Here's what to do: Remove the seeds and trim the rind of a quarter portion. Cut up the kalabasa into small cubes. Lightly toss in cooking oil, and sprinkle with salt and ground black pepper to taste. Transfer to a baking sheet and roast at a preheated 375 degrees F or 190 degrees C oven for about 15 minutes. Use a toothpick or a knife to pierce the kalabasa chunks to test for tenderness then remove it from the oven. Let cool and toss into your favorite kalabasa dishes or prepare as the recipe instructs.
1 Puree it into a creamy soup.
There's a reason why even fine dining menus will feature a creamy kalabasa soup as a starting course. It's just really delicious and can be universally well-loved! You can make it elegant or fancy at home, too. If you do want to jazz up the presentation of this soup to fine dining status, make a batter and top this simple soup with a deep-fried squash flower. It's not just pretty; it is totally edible and delicious, too.
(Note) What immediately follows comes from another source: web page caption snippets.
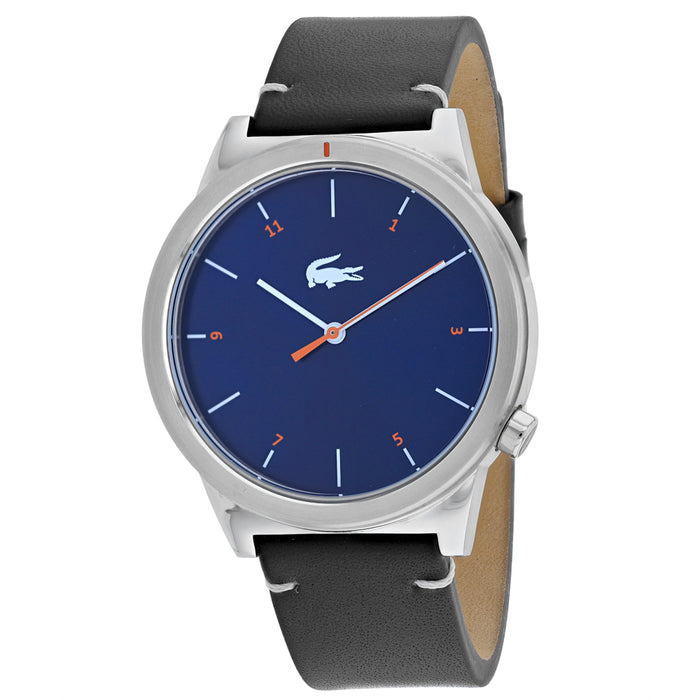 Lacoste Men's Motion Blue Dial Watch - 2010990
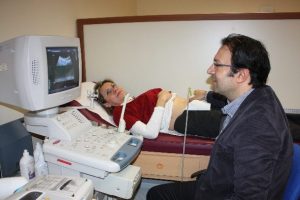 Psikolojik stres &ccedil;ocuk sahibi olmayı engelliyor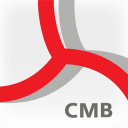 CMB suivi de compte et budget Icon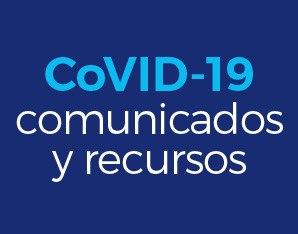 Información COVID-19
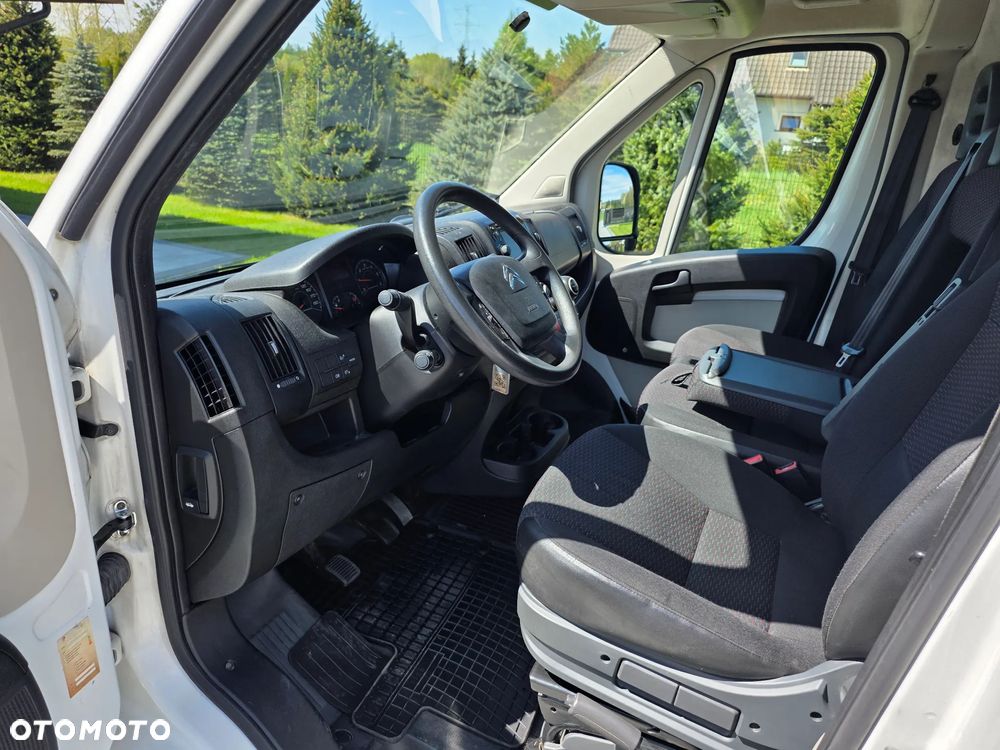 Citroën Jumper - 10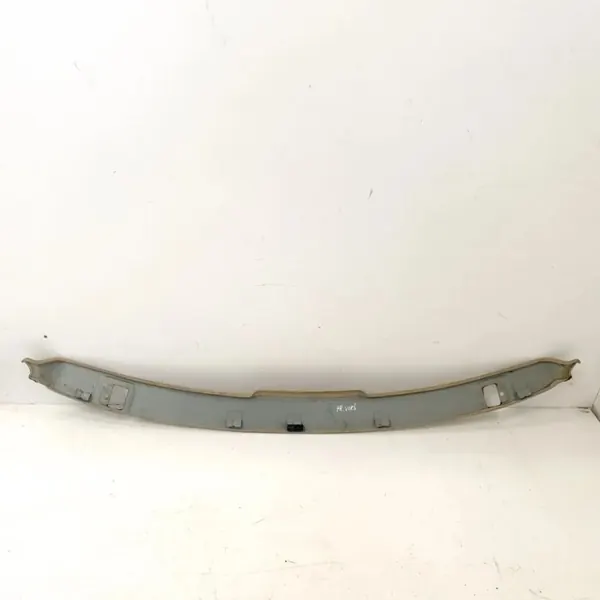 OEM 1296900830 Frontscheibenleiste für Mercedes SL R129 image 3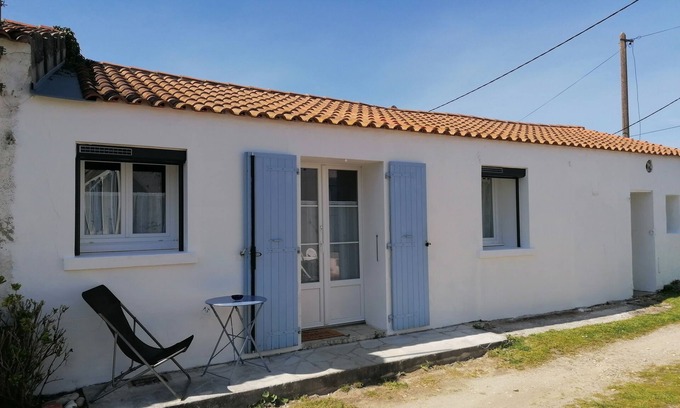 L'Echardiere House | Le domaine de chez nous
If you roasted the kalabasa, this is just a simple step of mashing or pureeing the chunks into chicken broth and adding a touch of cream to the mix. If not, simply prepare the kalabasa and saute it with onions before adding water or stock and simmer until tender before mashing into a smooth and creamy soup.
2 Mash it.
You can certainly make ginisang or ginataang kalabasa. Why not decide to elevate your dish into a dish that's still delicious but a little different than that everyday dish with just an additional step? Mash the kalabasa instead of leaving it in chunks. This mashed kalabasa recipe with bits of shrimp and malunggay leaves is from Bacolod and it's a fantastic side for any fried dish you may want to serve.
3 Deep fry it.
You can certainly toss it around in a stir fry such as in an Ilocano version of the pinakbet or pakbet recipe. However, the other way of doing this is to slice it up into strips and use it instead of bean sprouts in okoy. This unique way of making okoy gives the veggie fritters a delicious sweetness that's carried over to the carrots and the shrimps that are still present in this version.
4 Add to soup.
The kalabasa isn't just for stir frying. You can also chuck cubes of these into this vegetable and seafood dish from the South. It's a healthy mix of vegetables that are commonly found in many backyards plus a few shrimps from the sea to give it a delicious umami that you can get no where else. You can even skip the seafood and just make it with all vegetables!
5 Make a dip or side.
Who said that all kinds of mash are made with potatoes? This version is made with kalabasa which gives it a signature sweetness to the mash that pairs well with the bacon and the pork chop it's served with. You can also mash it with carrots to make a delicious dip for other vegetable sticks or crackers for a snack that's intriguing with its unique texture.
6 Add it to salad.
When it's been roasted, kalabasa is sweeter than when it started. This makes a delicious addition to salads. It makes it heartier with its chunkiness and it tastes delicious with greens, dried cranberries, and other fruits that are also sweet in their own way.
Tossing these kalabasa chunks with garlic makes it a savory addition to the table that makes a delicious substitute for potatoes for a warm salad that's sure to be satisfying.
7 Add to spaghetti sauce.
Yes, you can be sneaky about it and let the kids be the judge whether it's delicious or not. Carrots as well as kalabasa are masked or finely chopped to mimic the chunkiness of spaghetti sauce.
Count how many ways you can think of to use kalabasa in your cooking and let your imagination be your guide!